Incoming opposition party president Panduleni Itula says he is not going to parliament because he is not interested in the opposition leader salary.
The Independent Patriots for Change (IPC) was elected as the official opposition party in the November elections, however, Itula has indicated he will not be going to parliament, but will rather send representatives.
He yesterday told The Namibian he is more interested in empowering the young people his party has sent to parliament.
“I am not chasing the one-million-dollar salary they pay to the official opposition leader.
There are people who go to parliament for money,” he said.
“At my age, my place is not in parliament. Perhaps in the State House, but definitely not in parliament,” he said.
Itula said in his understanding Article 17 of the Namibian Constitution prohibits dual candidacy.
He said the IPC’s deliberate decision to exclude the president, vice president, general secretary, and chairperson from the parliamentary list was to prevent the party from repeating the mistakes of the Congress of Democrats, which became vulnerable and ultimately collapsed after placing all its top leaders in parliament.
Itula noted that the move aims to hold its party members accountable to the leadership, while also emphasising that he will not ask for their money or the official opposition leader’s money.
He stated that if the Electoral Commission of Namibia (ECN) had concerns about dual candidacy, sought input from political parties, and consulted the attorney general, he questions why they did not publicly announce their decision that dual candidacy was permissible.

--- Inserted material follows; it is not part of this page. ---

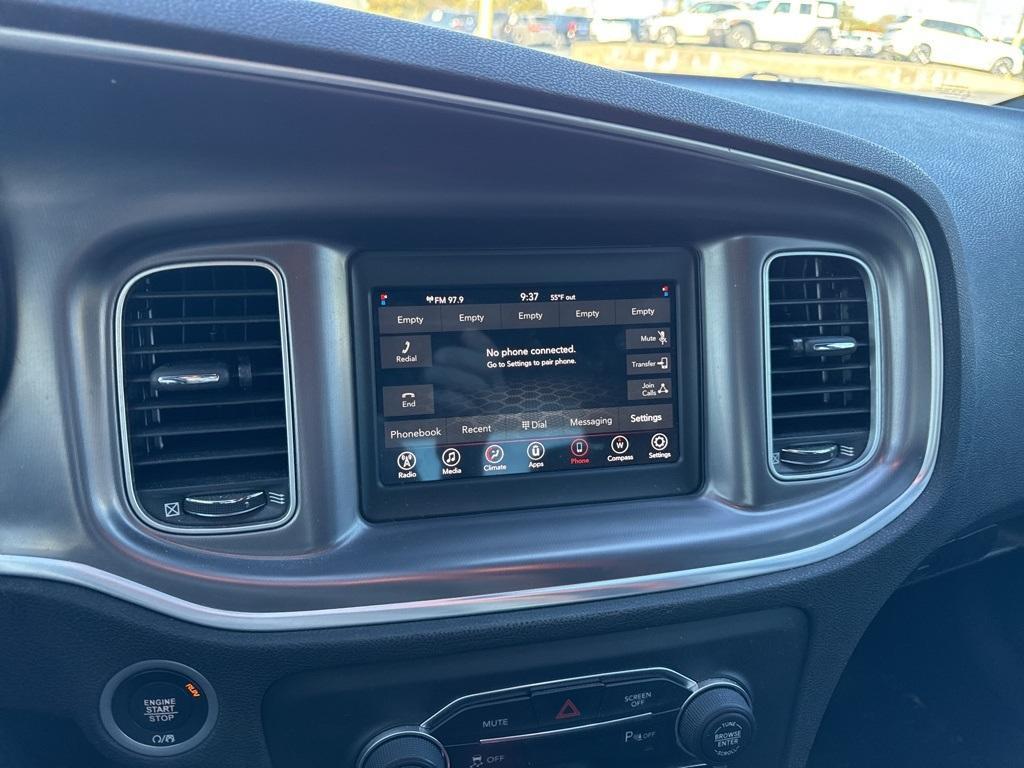 used 2021 Dodge Charger car, priced at $21,500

Itula argued that if it were mandatory for a party president to be on the list, the ECN, as the gatekeepers of the gazetted parliamentary list, would not have gazetted it.
He said there is no reference in any Namibian law to the official opposition office.
“The only beat that refers to the leader of the official opposition is in the standard rules and orders of parliament, which says by definition, leader of the official opposition means a person that occupies that position of leader of the largest opposition party in parliament. The emphasis must be on a person and not a member,” he said.
Itula said the notion that it is a must to have a party president in parliament is misunderstood.
He referenced the Swapo parliamentary list, noting that the presidential candidate was not included. He stated that, according to the Swapo constitution rule 55(1), only the vice president, secretary general and deputy secretary general are automatically placed on the National Assembly list.
Itula said the party elected members of parliament from all regions and a convention was staged to allow party members to elect themselves, adding that he was not present during the election.
He said he is giving young people from all backgrounds an opportunity to make laws.
“It is not your intelligence or your education that makes you a parliamentarian or a lawmaker,” he said.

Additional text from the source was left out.